The entrepreneurial sector and the right hail in President Fujimori the Pinochet that they were secretly yearning for, the military officers nostalgic for barracks coups have him as their transitory straw man, while the most depressed and frustrated sectors, which racist and anti-establishment demagoguery have penetrated, feel that their phobias and complexes have somehow been explained, through Fujimori’s deliberate insults of the “corrupt” politicians and “homosexual” diplomats, and through a crudeness and vulgarity that gives these sectors the illusion that it is, at last, “the people” who govern.

And yet…. For all its horrors, Vargas Llosa is wrong to say that the Peru he tried to save is now worse off than the Peru of his childhood. Fujimori is not the same as the bloody dictator Odría, and he could not be because some things have changed in Latin America. Internationally, respect for human rights is becoming an established criterion for loans.* Domestically, the hordes that terrify the novelist are, to my eye at least, rather different from his vision of them. They have not sunk to the level of animals; they have been rushed into the late twentieth century, a change that is confusing and threatening for traditional communities, and that has dismantled their sense of identity and purpose and threatens to dismember all the familiar social links and hierarchies. But at the same time, however chaotically, it has pushed them into membership in a civil society that is only now being born.

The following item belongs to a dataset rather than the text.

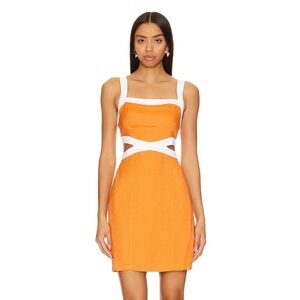 MINKPINK Jacques contrast mini dress in orange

The new political realities of Latin America are being created between the longing for the false certainties and real order of the past, and the attraction of the false promises and real freedoms of the future. This is the world in which the Indian campesinos of Mexico can hold aloft the banner of Emiliano Zapata and call for both democracy and Indian autonomy, and in which an improvised politician like Fujimori can prosper. It is not a world without hope, but rather one with too many unfulfilled expectations, and the sad, final truth of Vargas Llosa’s campaign is that he, too, failed to understand and address them. He concentrated instead on reforms that look orderly on paper but are not designed to deal with chaos, and on the formalities of a democracy that does not yet exist. (Elections, while an important step in the direction of democracy, are far from being the thing itself.) While Latin America awaits the emergence of a new, democratic, political class that can address the economy’s limitations and the citizenry’s needs with truly participatory programs, the door remains open for demagogues.